われ遂に富士に登らず老いにけり 川端康成 評者: 松下カロ

 富士山が世界遺産に加わることとなった。今夏は例年に増して多くの登山者がこの美しい山を訪れることだろう。富士を詠んだ句は数多いが、これは異色の一作。川端康成の小説『山の音』(1954年)の主人公の心をよぎった遠景の富士である。季語もない、溜め息のような一行に、ゆくりなく呟かれた富士は、川端文学の扉を開く鍵となる。
 老境にさしかかった会社役員、信吾は、息子の若い妻、菊子に惹かれている。菊子もまた優しい舅に心を許す。物語には、様々な小道具、仔犬、蝉、鮎、向日葵などが配され、二人の心理の微妙な揺れが描かれる。富士山は、その象徴的アイテムの一つ。
 義父と嫁の間に通う思慕は美しいが危険でもある。ある晩、信吾は、明媚な風景の中で若い娘を腕に抱く夢を見る。翌朝、彼の内的視野に現われたイメージは富士であった。
   われ遂に富士に登らず老いにけり
 「ふと浮かんだ言葉だが、意味ありげに思えるので、くりかえしつぶやいてみた。」(『山の音』)
 登らない(登れない)富士とは何だろう。清麗な山との永遠の距離を詠んだ一句は、二十代の作品『伊豆の踊子』以来、川端が追い続けた無垢な少女への執着に繋がる。富士は聖なる、そして禁忌の場所だった。十七文字はこのような役割を負うこともあるのだ。

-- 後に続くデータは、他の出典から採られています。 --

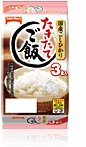 たきたてご飯 国産こしひかり　３食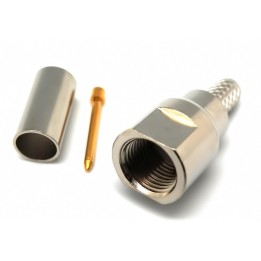 MT-2352 - CONECTOR FME MACHO PARA RG-58. VERSIÓN CRIMPAR.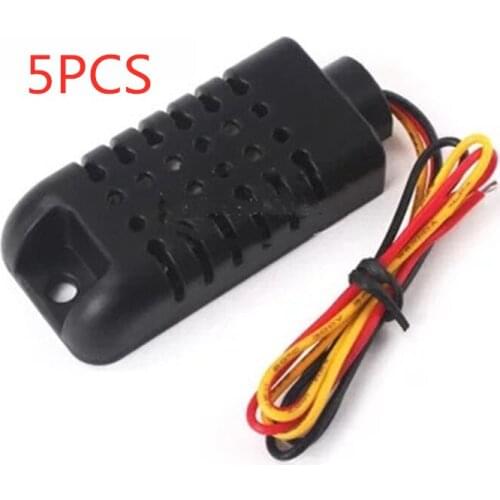 5PCS / DHT21/AM2301 capacitive digital temperature and humidity sensor (instead of SHT10 SHT11)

 川端康成は『雪国』で文名を馳せ、戦後も『みづうみ』『千羽鶴』などを旺盛に執筆、1968年ノーベル文学賞を受賞した。文字通り山頂を極めた作家は、四年後、自ら命を断つ。原因は不明だが、身辺にいた少女への失恋があったとも・・・。川端の富士は、其処に在るが、同時に何処にも無い、夢の中の富士だろうか。